In an optional embodiment, should be set to directly place on the longitudinal end 16.1 of body 16 by impeller, then by simple metal/metal contact or by extra junction surface acquisition body 16 and the sealing between the impeller 2.Preferably, body 16 does not move with respect to impeller 2, promptly, it makes identical moving along with moving of impeller 2, to prevent between body 16 and impeller 2, occurring any relativity shift, thereby improve the sealing between body 16 and the impeller 2, and prevent that body 16 and/or impeller 2 from wearing and tearing.The method that body is fixed on the impeller or when rotation and translation body is fastened on the moveable support 10 can also be provided.
Impeller preferably keeps by it being clamped between platen 14 and the plate 19.
Abrasive grain shows as fluid.
Therefore,, by changing the height of particle, can change the validity of polishing or rather, thereby change the expectation required time of surface state that obtains by the quantity of particle in the simple change cylinder body.So, do not need to use the specific device that particle is applied extra pressure.Only just can mechanically realize the pressure adjustment by the height of selecting polishing agent.This device is very simple and without any need for specific monitoring arrangement.Therefore, this device is very durable.But, can consider that the bottom to cylinder body applies the piston-type device of axial force.

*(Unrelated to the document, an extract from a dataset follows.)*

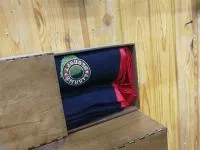 килт мужской шерстяной в коробке с логотипом банный эксперт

In addition, the relative velocity between polishing agent and the impeller directly depends on the rotary speed of impeller 2, thereby depends on the translational speed of support member 10.Therefore, can change the polishing time of impeller 2 by the translational speed that changes support member 10.
Drive unit comprises first motor and second motor, and first motor is used to drive the support member rotation, and second motor is used for driving support 10 along the axis X translation.
For example, particle can be between 2 meters/minute to 20 meters/minute with respect to the translational speed of impeller; So polishing time can be between 10 minutes to 5 hours.Should be noted that these all are the speed of estimation.Usually, after the best compromise scheme that experimentizes between the surface parameter Ra that finds out processing time, guard block and acquisition, adjust above-mentioned parameter.
Point-to-point speed and rotary speed connect with proportionality factor, and this proportionality factor is that the tangent value according to the spiral part of impeller obtains.Therefore, rotary speed and the point-to-point speed tangent value owing to spiral part during moving changes, but also can provide constant ratio between these two speed.This requires the channel bottom of impeller to have recessed annular surface.
Below, will be described using polishing step according to burnishing device of the present invention.
In Fig. 2, burnishing device according to the present invention is in lower position, and this position is corresponding to neutral.
During first step, impeller 2 is fixed on the support member 10; In order to achieve this end, around the axle 12 of support member 10 impellers 2 are installed, make axle 12 pass the centre bore of impeller, so impeller 2 and support member 10 are coaxial and relative to each other are immovable.
Then, impeller 2 is supported on the plate 19.Then, platen 14 being fixed on axle 12 the upper end of support member 10 and impeller remained is clamped between plate 19 and the platen 14.
Then, polishing agent is placed in the cylinder body 8, the amount of polishing agent, the height that more particularly covers the polishing agent of impeller 2 is confirmed as expecting the function of polishing, especially its duration carried out.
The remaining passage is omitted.